If you need to also fix “/usr/bin” then


cd /mnt/usr/bin
rm sh
ln -s /etc/alternatives/sh sh

Or it might be safer to try


cd /mnt/usr/bin
rm sh
ln -s bash sh

You can then fix “/etc/alternatives” after rebooting into the system.

1 Like

I did these two:

It did not work. It is getting late where I am so I am going to bed, if you’ve got any more ideas about what to do, I will be very grateful for them. If nothing works, I will be reinstalling next week, after my exam (to not spend too much time on linux instead of studying).

I’m working in the dark, because I don’t know what you actually did.

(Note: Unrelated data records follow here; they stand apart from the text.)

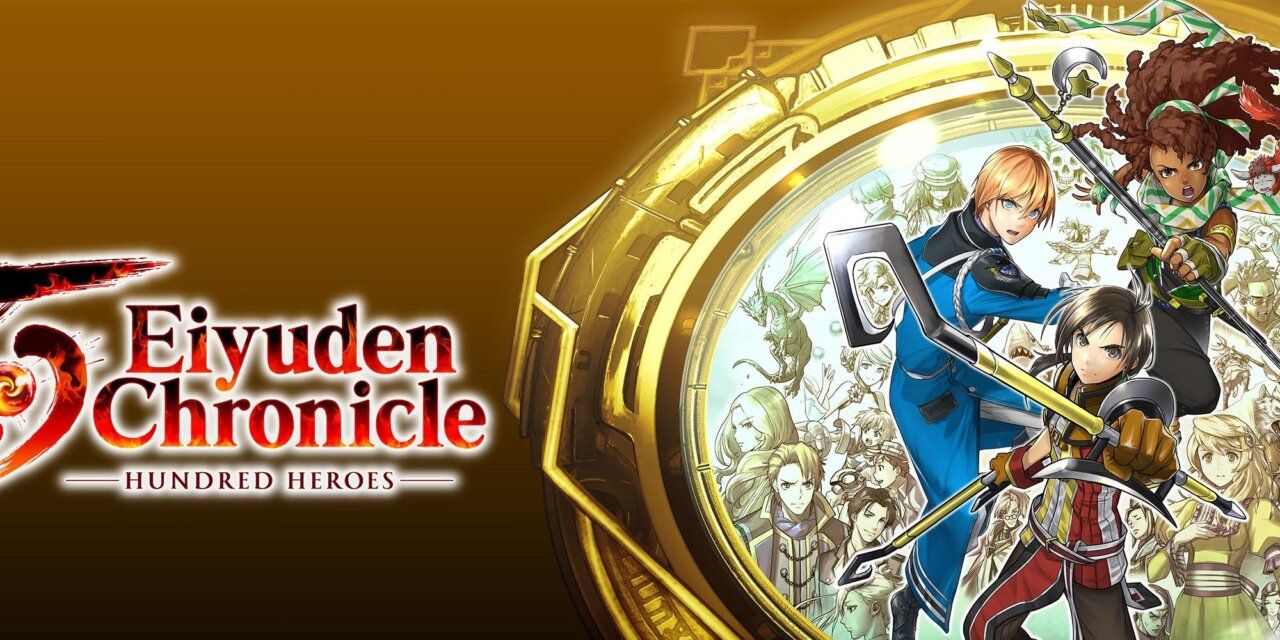 Review – Eiyuden Chronicle: Hundred Heroes (PlayStation 5)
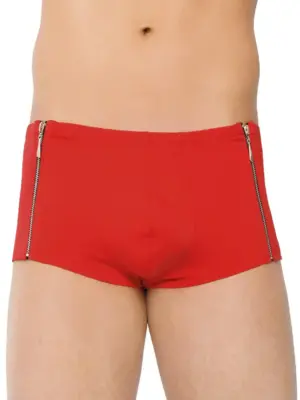 Shorts 4500 - red M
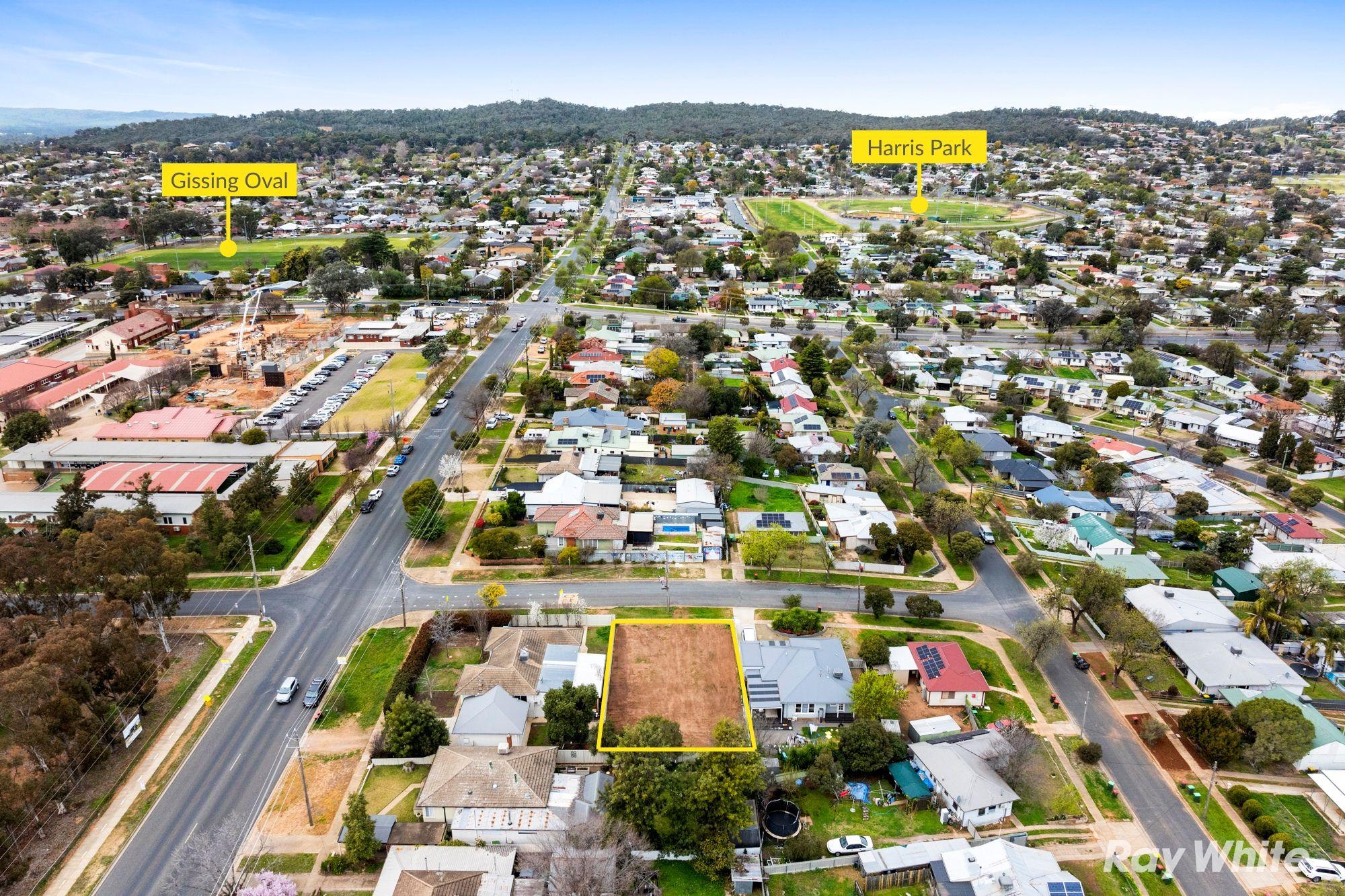Prop-GPT: Land: NSW Mount Austin, NSW 2650 Home For Sale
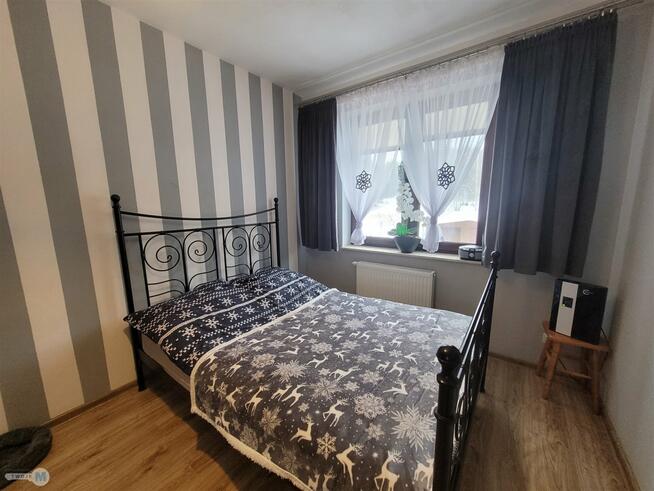 Dom Daleszyce Cisów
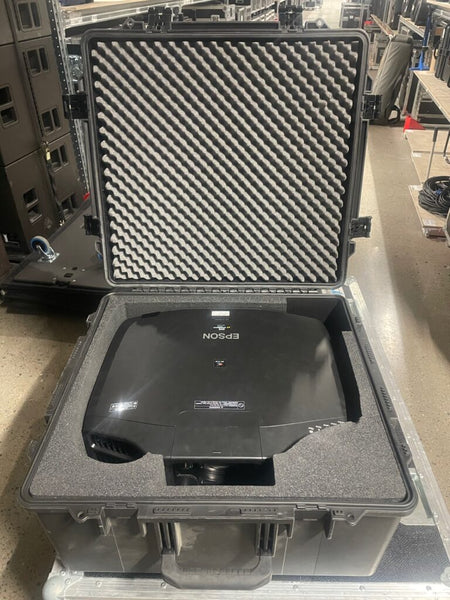 Epson EB-G7905U Installation Projector – WUXGA 3LCD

Mount the root partition at “/mnt”

Then give us the output from:


ls -l /mnt/bin/sh
ls -l /mnt/usr/bin/sh
ls -l /mnt/bin/bash
ls -l /mnt/usr/bin/bash

Just a reminder,
If you want to undo your mistakes on the root partition (or volume) and your installation is default which would mean your filesystem is BTRFS, you can simply use Snapper to roll back to a date before your mistakes were made. And, if for whatever reason you wanted to roll even that back, since rollbacks always move you forward, you can even undo that as well.

TSU

But does he need a working shell to be able to roll back?

It is solved! After running the ls’s (


ls -l /mnt/bin/sh
ls -l /mnt/usr/bin/sh
ls -l /mnt/bin/bash
ls -l /mnt/usr/bin/bash

)
It was clear that /mnt/usr/bin/bash en /mnt/bin/bash where referring to each other. To solve that, I replaced /mnt/usr/bin/bash whith /usr/bin/bash from the live USB.
Upon rebooting (because I was to eager to reboot, I forgot to press send on the message with the output), everything (except the wifi but has always been a problem with my chip) worked though I think there were some more errors while booting.

Thanks a lot to everyone who helped, I am really thankful for al the answers I got so quickly.

I’m glad you have it working.

In the past, I have accidently created symlink loops, though not with bash. It’s an easy mistake to make.

Here’s a suggestion. I suggest that you now reinstall bash (forced reinstall). You can do that with Yast Software Management – tell it to do an unconditional update. That should put everything back to how it originally was (everything that is part of “bash”).

I already reinstalled it with *zypper in -f bash.
*I’ll just make my scripts use !/bin/dash instead of !/bin/sh to not have problems with bashismes from other people’s scripts.